Chen Xiwen, deputy director of the Central Rural Work Leading Group, said some local governments removed farmers from rural areas, citing urbanization as the reason, without the approval of the Ministry of Land and Resources, and the situation was "severe", the Beijing News reported.

In 2004, the Chinese government first considered the idea of encouraging farmers to change their housing land into farming land and moving to an urban area in order to increase the amount of land available for agriculture.

The land ministry enacted regulations to enable this practice in 2005 and pilot projects were carried out across China in 2006.

However, Chen said all the regulations had emphasized that this practice was only allowed in certain remote regions designated by the ministry, but some local government departments sold the housing land to developers to make money.

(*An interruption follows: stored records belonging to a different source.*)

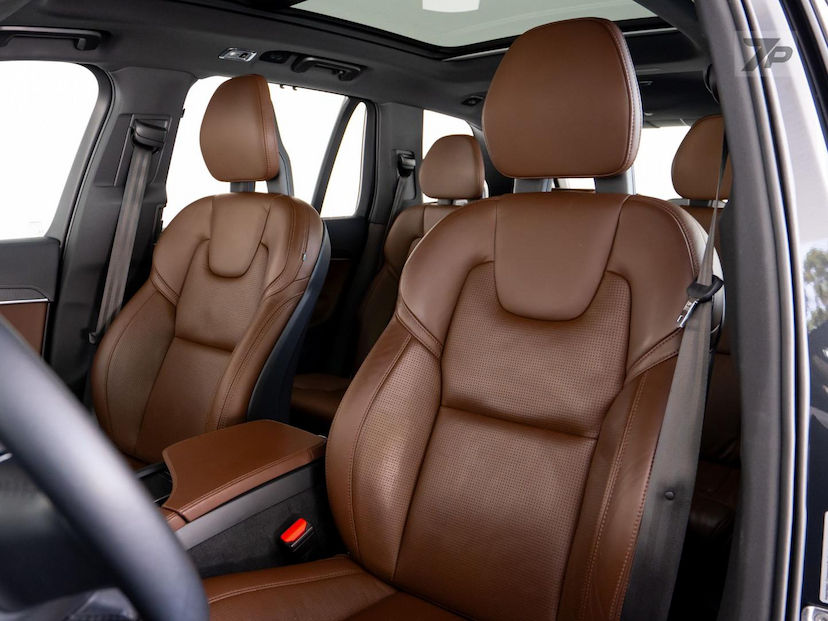 Foto do veículo VOLVO XC90  T8 INSCRIPT 2021 46.975 KM 349.000,00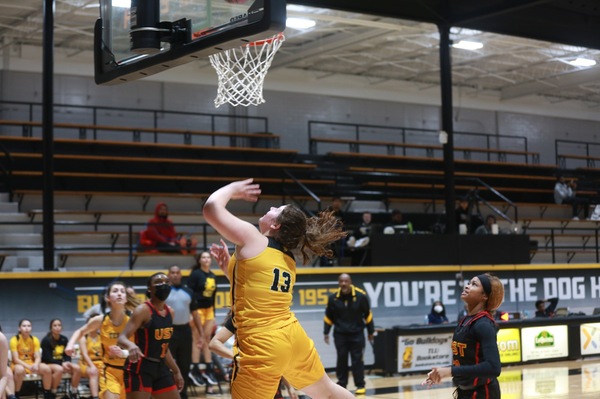 TLU women edge St. Thomas, men fall in overtime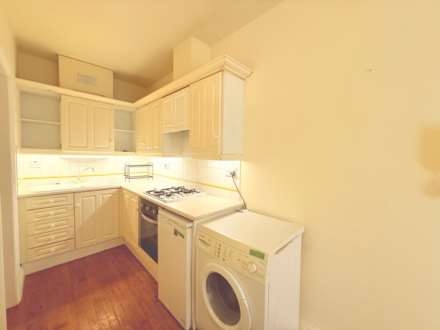 Ashgrove House, Elland, Image 7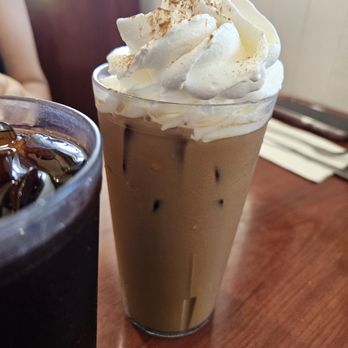 Eggs 'n Things - Waikiki Beach Eggspress - Centre: iced vanilla cappuccino. Left: cold brew coffee. - Breakfast & Brunch Near Me - Honolulu, Hawaii Eggs 'n Things - Waikiki Beach Eggspress - Centre: iced vanilla cappuccino. Left: cold brew coffee. - Breakfast & Brunch Near Me - Honolulu, Hawaii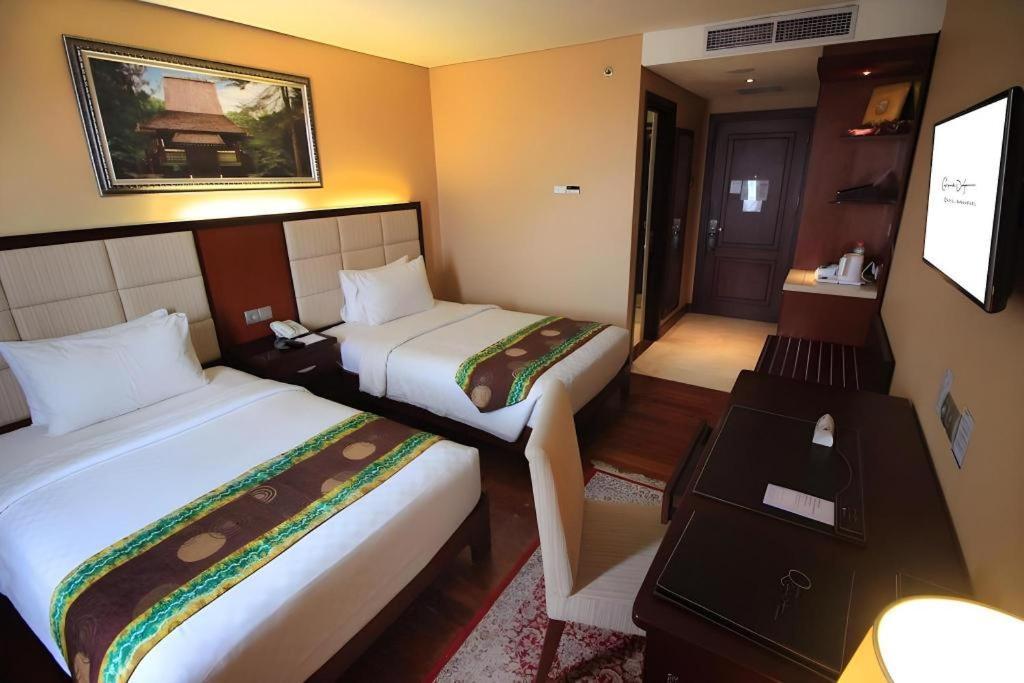 Grand Qin Hotel Banjarbaru Kültér fotó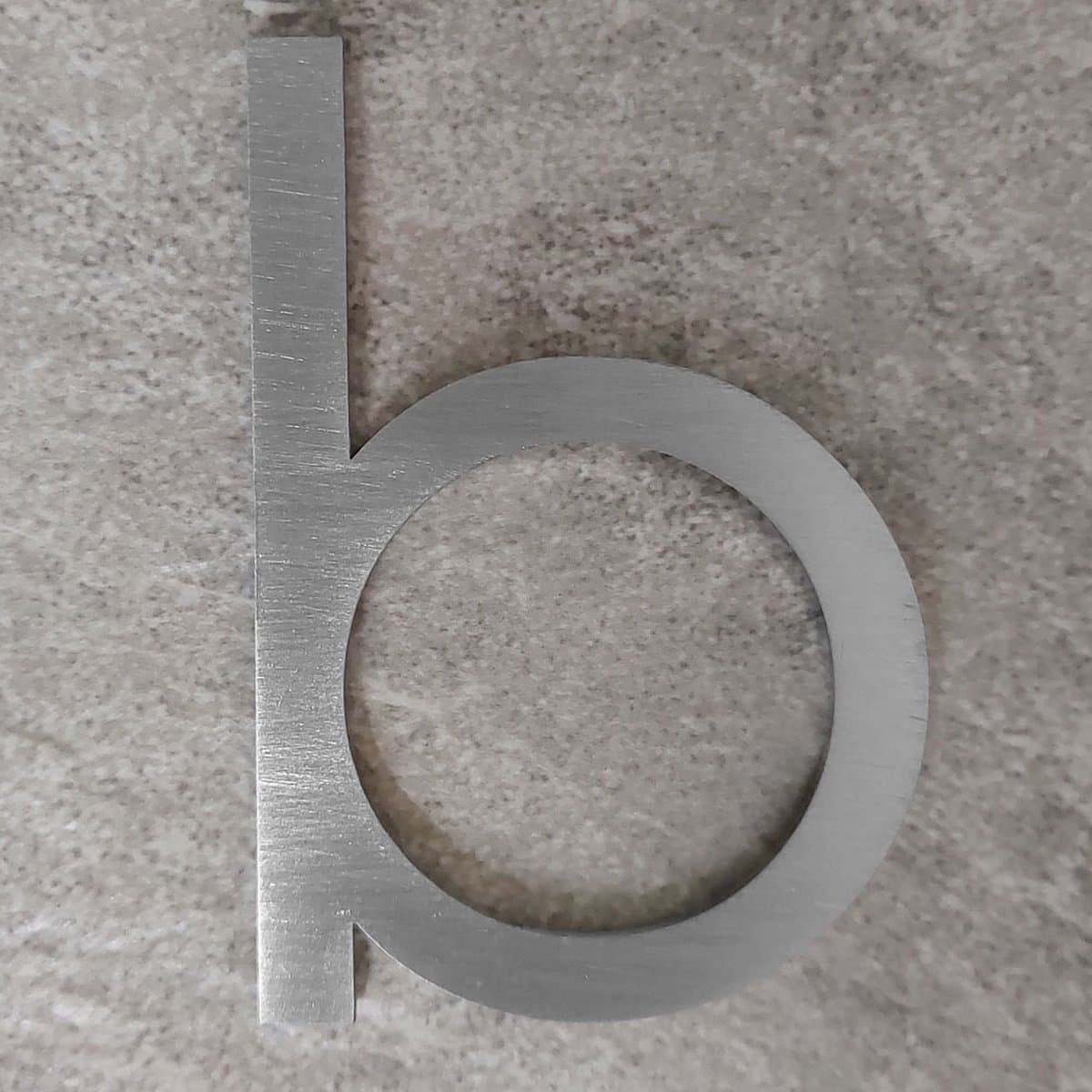 Logixbox - Huisletter b - RVS huisnummer plakken op je brievenbus met 3M, strak en makkelijk - Materiaal: RVS - Hoogte: 12cm - Kleur: RVS - Montage: 3M sticker - Type RVS/120/Light/b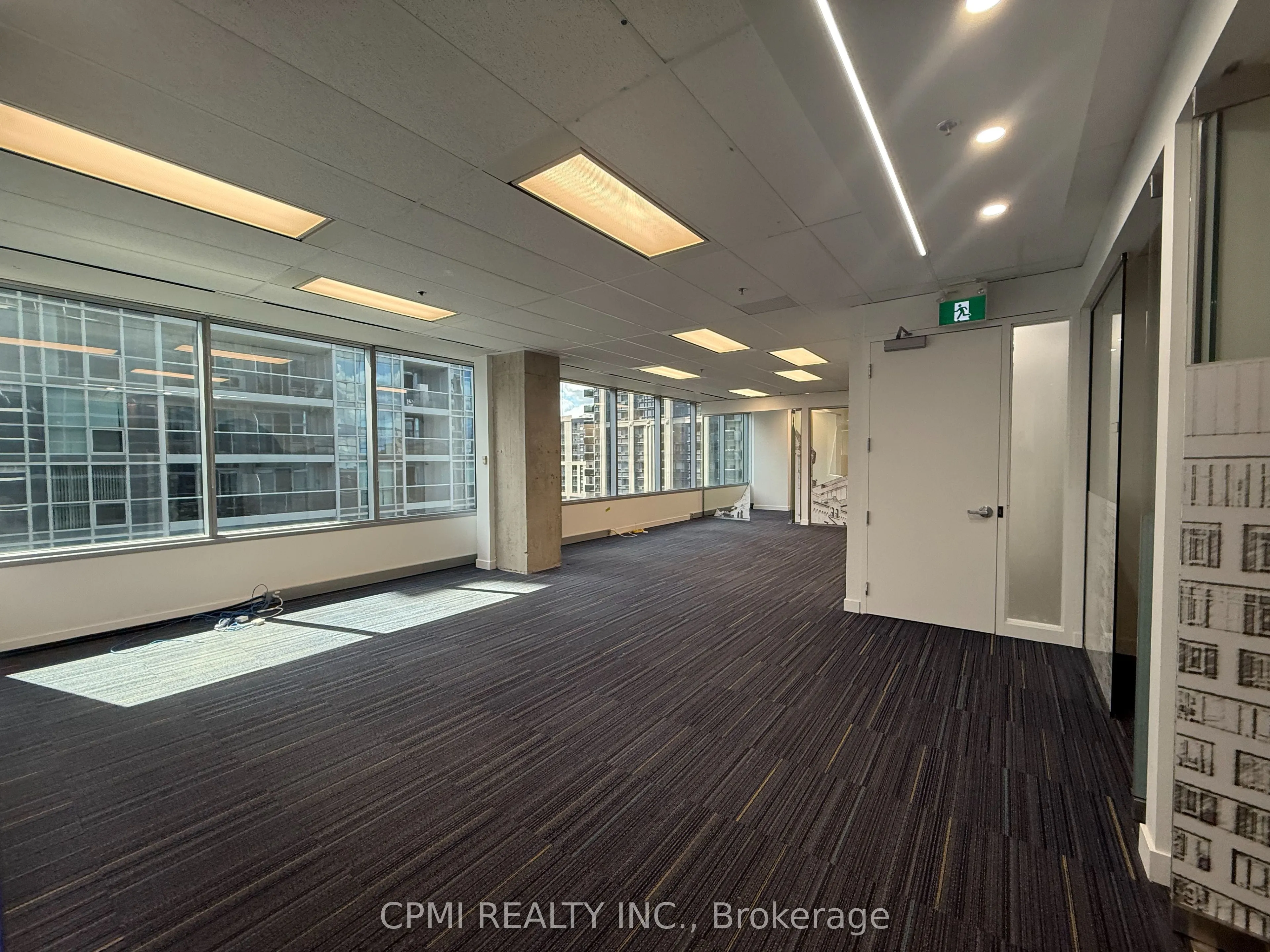 5000 Yonge Street, #1706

The Hebei land bureau recently announced its plan to increase the amount of construction land in rural areas by 33,400 hectares by 2012, although it was given a quota of only 800 hectares by the ministry, the Hebei Daily reported on Wednesday.

Similar practices had also been reported in Shandong, Zhejiang, Hubei and Hunan provinces.

"It's nothing new that some local governments remove farmers from their housing land, paying them low compensation, then sell the land to real estate developers at high prices. Actually it has become an important source of revenue in many places," said Tong Zhihui, a rural development expert at Renmin University of China.

Some farmers cannot find jobs in cities that are far from their farmland. As well, they have lost their best means of support, Tong said.

A Hebei villager, who refused to give his name, said the government paid him less than 600 yuan ($90) compensation for one square meter when taking over his housing site, but he had to pay 800 yuan per sq m if he wanted to by a new home.

Wang Chunguang, a social mobility researcher at the Chinese Academy of Social Sciences, said that many farmers could not protect their rights because they were too poor to afford the cost of a lawsuit, and that this explained why so many people appealed to higher authorities for help.